### Provided data:
=-=-=-=-=
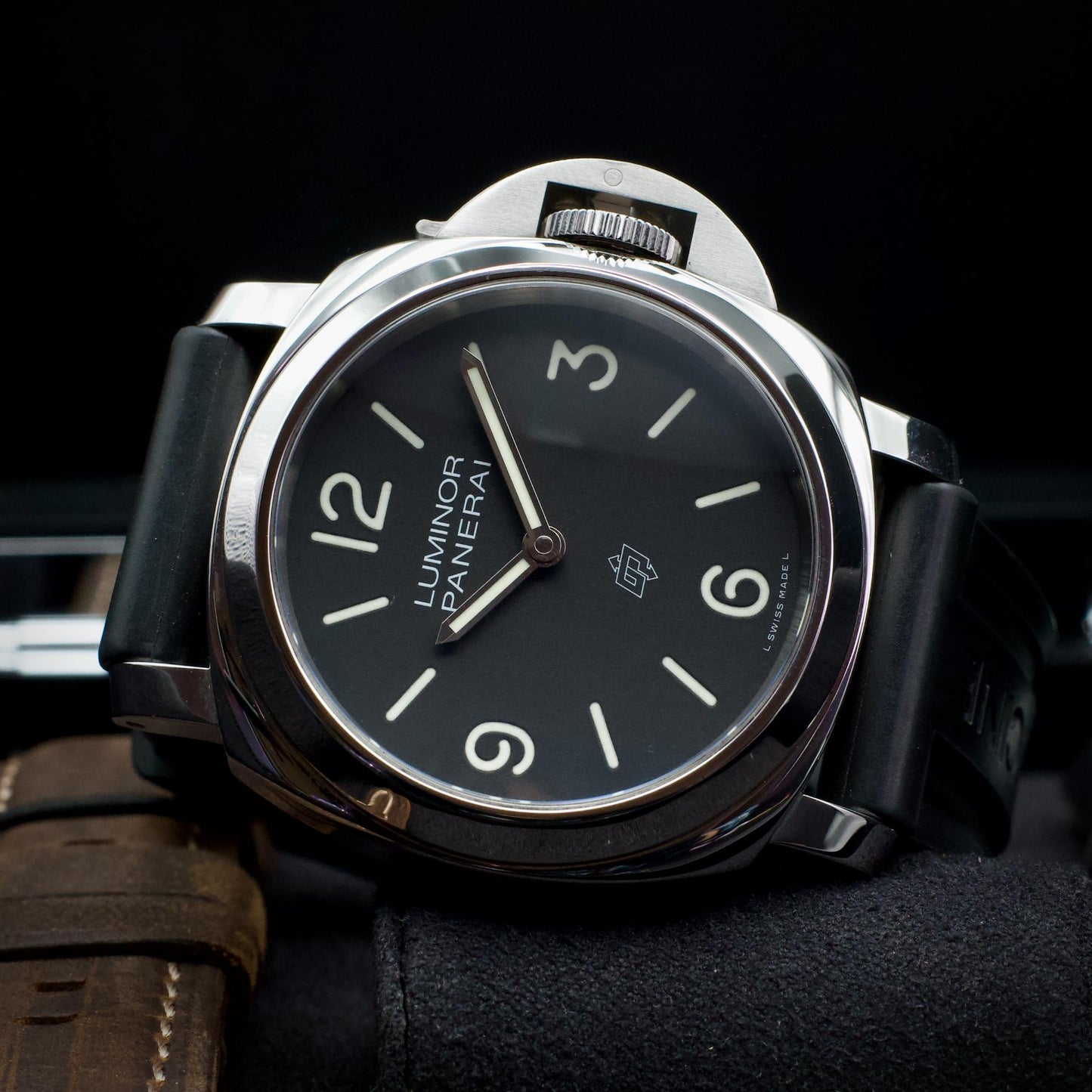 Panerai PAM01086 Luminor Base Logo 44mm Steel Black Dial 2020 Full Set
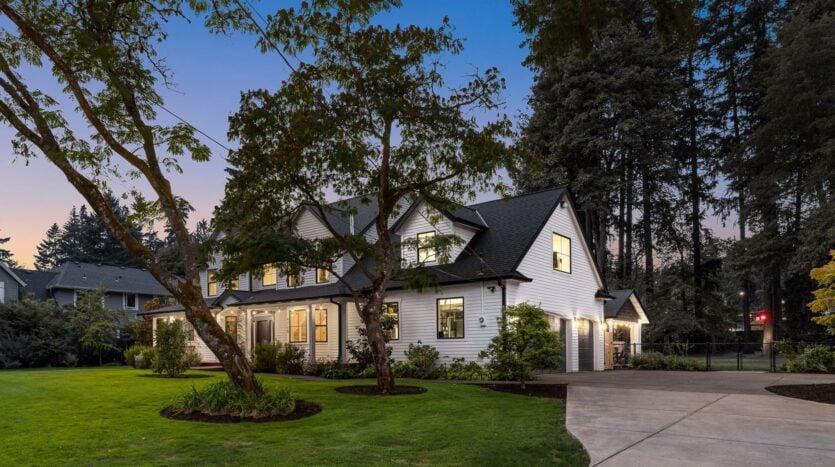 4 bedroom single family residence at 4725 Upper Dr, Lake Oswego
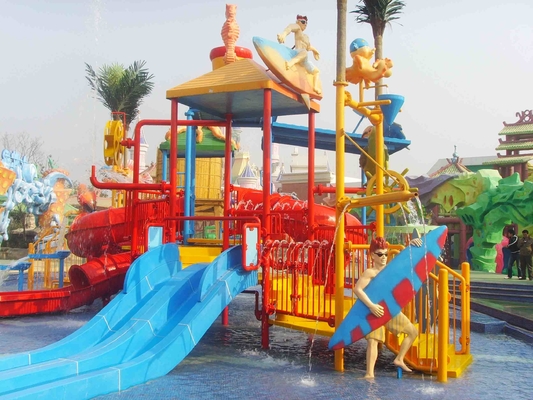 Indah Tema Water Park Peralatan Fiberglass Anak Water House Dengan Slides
=-=-=-=-=
Leaving aside the pictures, copy the listing above exactly.

### Task answer:
 Panerai PAM01086 Luminor Base Logo 44mm Steel Black Dial 2020 Full Set
 4 bedroom single family residence at 4725 Upper Dr, Lake Oswego
 Indah Tema Water Park Peralatan Fiberglass Anak Water House Dengan Slides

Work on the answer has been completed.